[The data]
=======

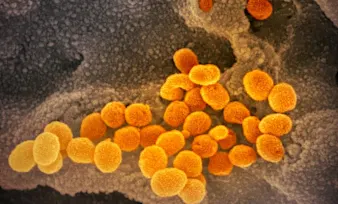 Live updates: The latest on the coronavirus pandemic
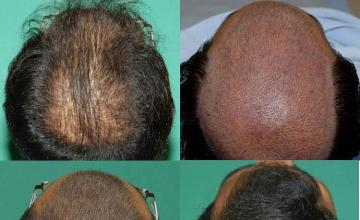 Before and after hair transplant procedure images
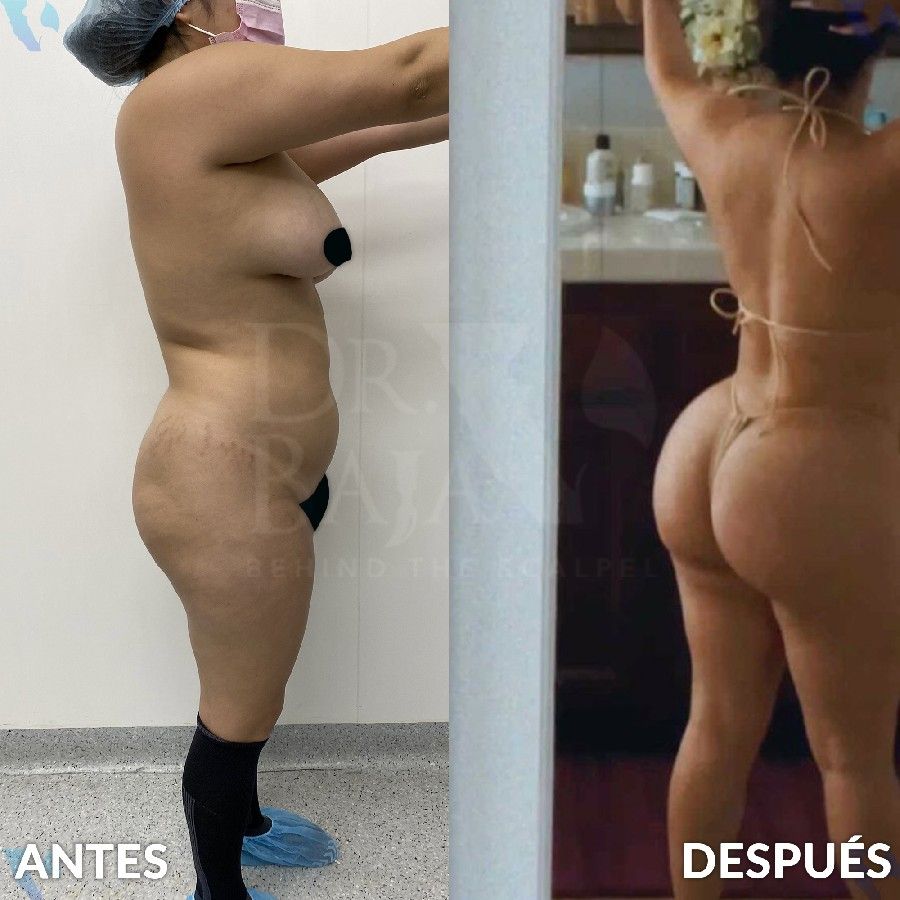 Renato Rodríguez Hirales-35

=======

[Exercise goal]
Transcribe the material exactly, keeping every word and none of the pictures.

[Answer to the exercise]
 Live updates: The latest on the coronavirus pandemic
 Before and after hair transplant procedure images
 Renato Rodríguez Hirales-35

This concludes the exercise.